1955–1958 гг. Уштобе. Двоюродные братья, справа ровесник Рудик Пеннер. Младшие Витя и Вова Ремезовы. Нижнее фото. Я уезжаю в Томск, в институт, Вова готовится в первый класс.
Ощущение душевной эйфории не исчезло, даже когда пришёл из армии парень, гулявший с Тамарой ранее, открыто обвинил её в измене и прилюдно ударил. Даже прибавилось самоуважения оттого, что Тамара предпочла меня, 15-летнего, действительно взрослому 22-летнему парню.
Возвышенное внутреннее состояние лопнуло внезапно поздней осенью 1956 г. Воскресным вечером мы гуляли вчетвером, рядом одноклассница Нина Капустина и её друг казах Андас (первокурсник одного из институтов Алма-Аты, приехал на побывку и делился впечатлениями, как студенты танцуют танго «Брызги шампанского»). Дальше Андас взялся что-то о нас четверых говорить, а Тамара вдруг произнесла: «Да Эрвин же ещё ребёнок!».
Тамара была права, ни разу даже не поцеловались. Никаких выяснений отношений не последовало, но больше мы вместе на велосипедах не катались.
Жестокий удар по самолюбию ощущаю и через полвека.
Продолжаю тему друзей. С последних школьных лет в памяти, причём с неприятным осадком, остались два друга: Саша Кладько и Жамалай Альтемиров.

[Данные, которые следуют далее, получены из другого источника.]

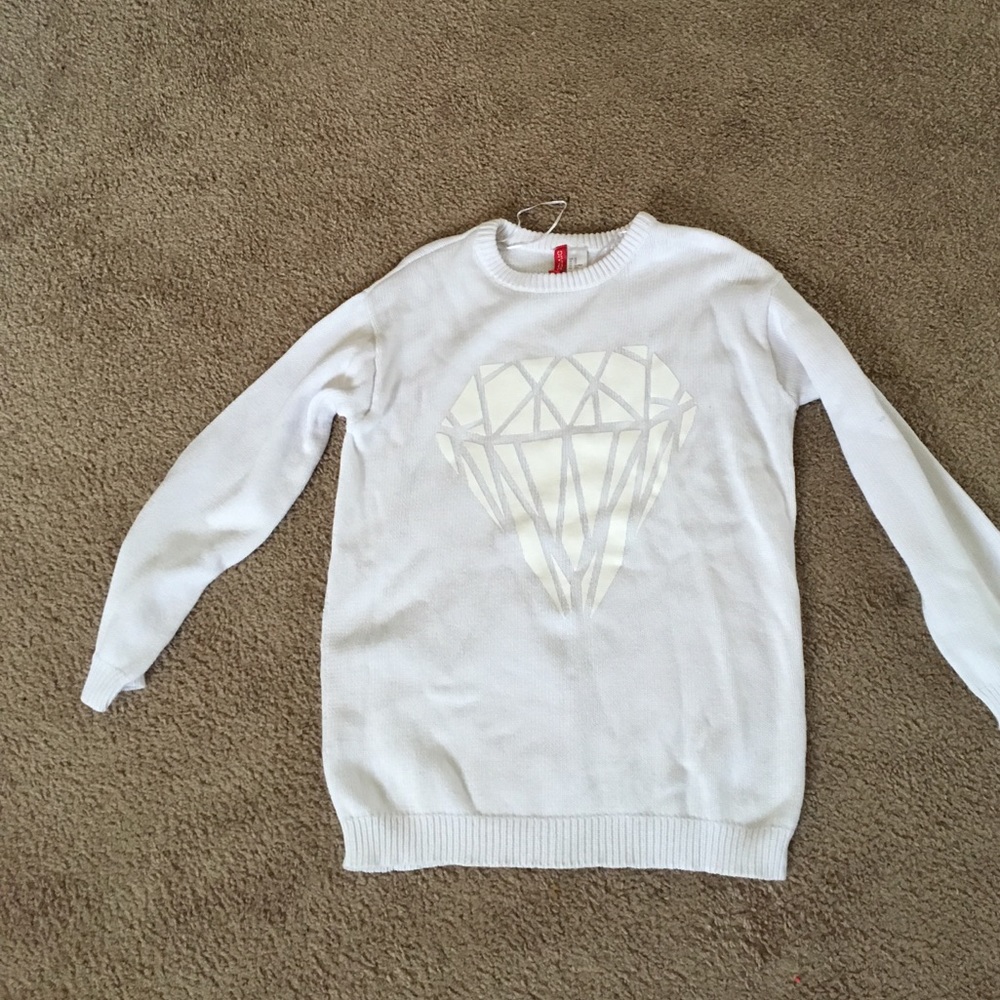 White sweater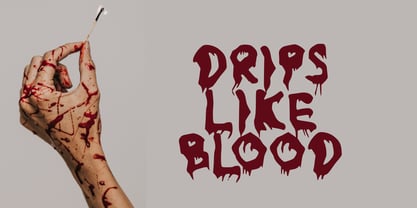 Grimooza Drippin Font Poster 3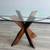Dining Table "Simon Java" with Tempered Glass Top 2 thumbnail
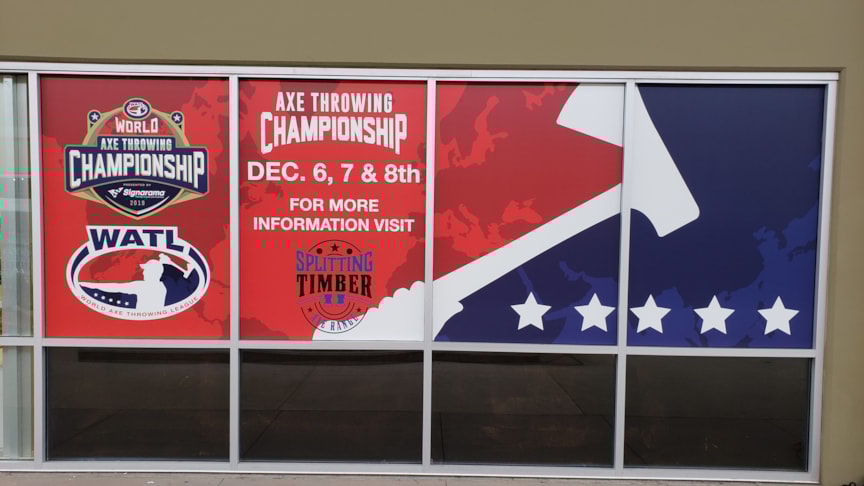 Window Decals, Signage & Graphics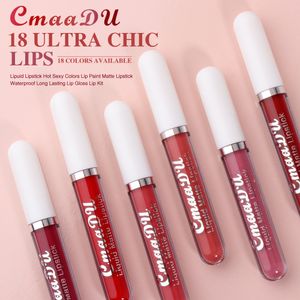 CMAADU Velvet Mat Lipgloss 18 Renk Çıplak Sıvı Ruj Uzun Kalıcı Su Geçirmez Kırmızı Dudak Parlak Makyaj Kozmetik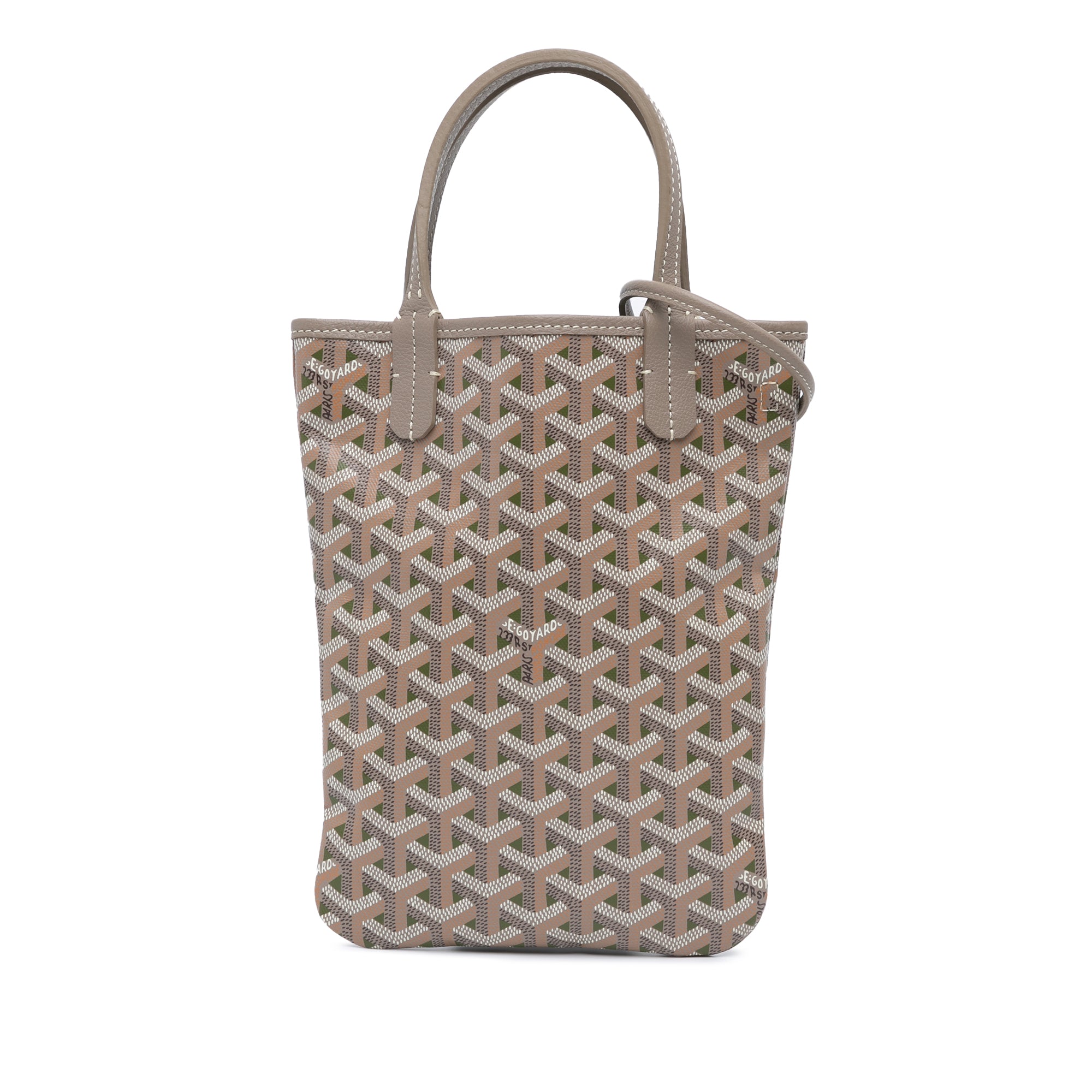 Goyard | Pre-Owned Goyardine Poitiers Claire Voie - II | Brown/Taupe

С Сашей (постарше меня года на полтора) мы в 9-м классе сидели на одной парте, общей компанией ходили в горы, вместе подрабатывали летом, он часто бывал у нас дома. 7 ноября 1957 г. (праздничный вечер) Кладько изнасиловал 12-летнюю девочку, на следствии пытался вывернуться утверждениями, что весь день был со мной, чем привёл в ужас папу и маму. Отец весь белый прибежал после праздника прямо в школу выяснять, где я был в тот вечер. Нюанс в том, что вечером 7 ноября я вернулся домой с разбитым носом (кто-то в темноте ударил во время киносеанса в соседней школе). Неоднократно меня срывали с уроков на допрос к следователю. Суд закрытый, перед зданием суда толпа. Никогда не забуду потерпевшую маленькую девочку, в последствии с ужасом думал, что какой-нибудь мерзавец может совершить подобное с моими дочерьми или внучками. Приговор — 20 лет. И месяца не прошло, получаю письмо от Кладько, что он учится в лагере в вечерней школе и хочет со мной переписываться. Я, конечно, не подумал ответить. Удивительно, через некоторое время услышал от девушки из моего окружения (Лида Баранова) упрёк, что отказался с Кладько переписываться. Выпустили его через 4 года (образец советского правосудия!), когда пострадавшая девочка не достигла даже совершеннолетия.